[TASK BRIEF] Leave out all pictures while you copy the lines exactly from the one with "533 Cherry Hill Court - Photo 1" through the last line of the listing.

[RECORDED INFORMATION]
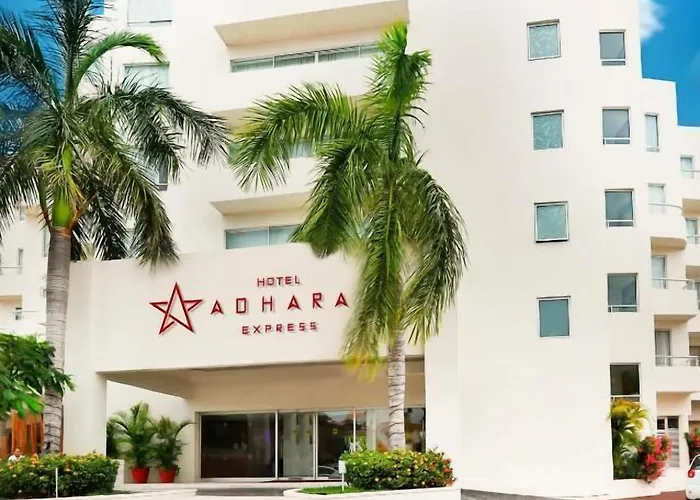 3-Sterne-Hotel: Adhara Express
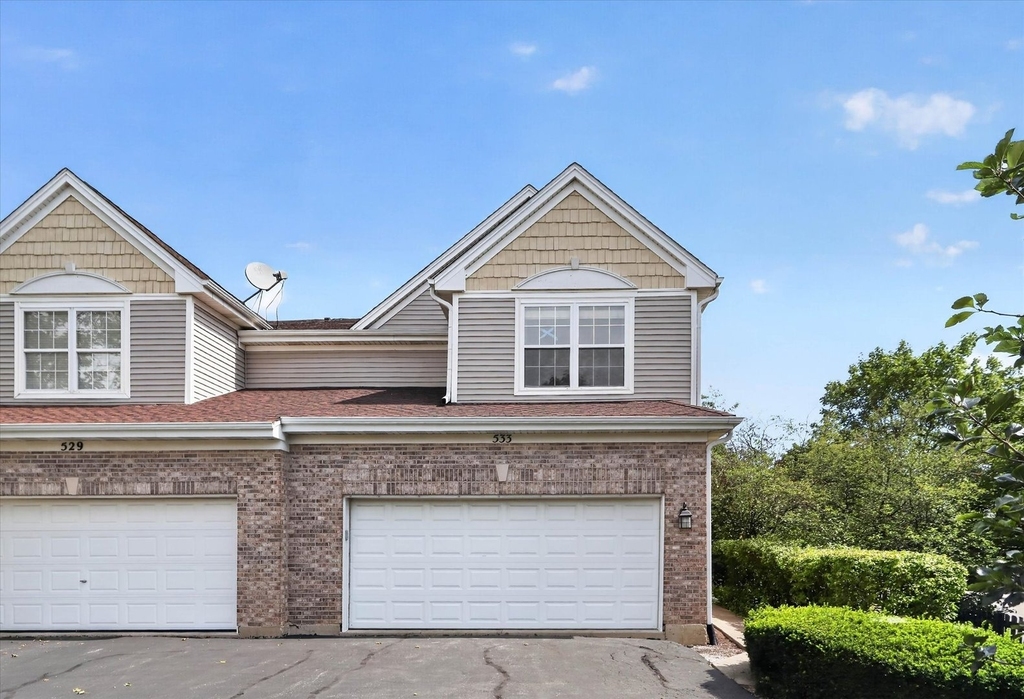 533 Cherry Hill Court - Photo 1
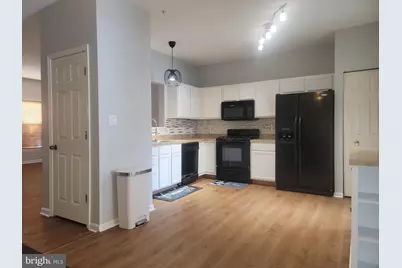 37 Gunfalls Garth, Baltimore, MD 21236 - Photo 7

[SOLVED PROBLEM]
 533 Cherry Hill Court - Photo 1
 37 Gunfalls Garth, Baltimore, MD 21236 - Photo 7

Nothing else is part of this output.